FAQ
Signature error
If there is a signing error or if a cloud_manager request fails, it may be that the user's AKSK is incorrect. The troubleshooting steps are as follows.
- Log into the Fusion cloud console and verify whether an AKSK was created.
- Check the local configuration file
~/.config/xiaomi/config
and verify whether the AKSK is correctly configured. - Export the environment variables, echo $XIAOMI_ACCESS_KEY_ID,echo $XIAOMI_SECRET_ACCESS_KEY and echo $XIAOMI_CLOUDML_ENDPOINT, and verify whether they are correctly configured.
Does logging into the DevEnv environment affect other users?
No, the user development environment is isolated by Docker containers to ensure that TensorFlow versions and user files do not interact.
Will software installed in the DevEnv environment remain there?
If a user logs out, he can then log back in to access existing files. However, after the user deletes an instance, the cluster will clear the container. User data and files will not be preserved. Users can create a Docker image to avoid having to re-install software at every startup.
Is it necessary to configure the AKSK when using one's own container image at startup?
Downloading the container image does not currently support the AKSK configuration. All images are configured with a public service guarantee, available for download. Configuring the the AKSK is unnecessary.
How to designate the environment's training data?

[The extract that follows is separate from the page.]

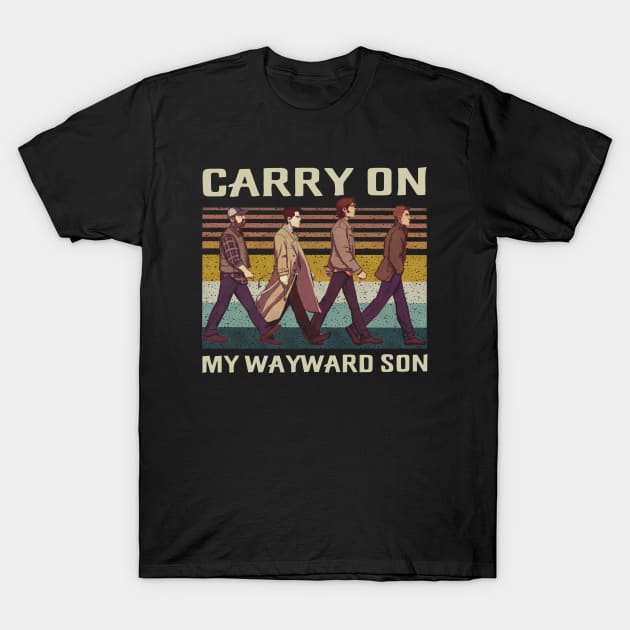 Carry On My Wayward Son Abbey Road, Winchester Supernatural T-Shirt by Den Tbd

Users can manually download training data from an external network to a local destination and access this locality for training, whereas TensorFlow already supports HDFS and FDS, allowing users to directly access the corresponding distributed storage without having to download it locally. For frameworks like Caffe, that can only access data locally, consider using FDS Fuse or S3 Fuse. The use of GPU clusters is somewhat restricted at present.
Can the development environment's GPU be used by other users?
No, the development environment's GPU is exclusive. It cannot be shared with other users.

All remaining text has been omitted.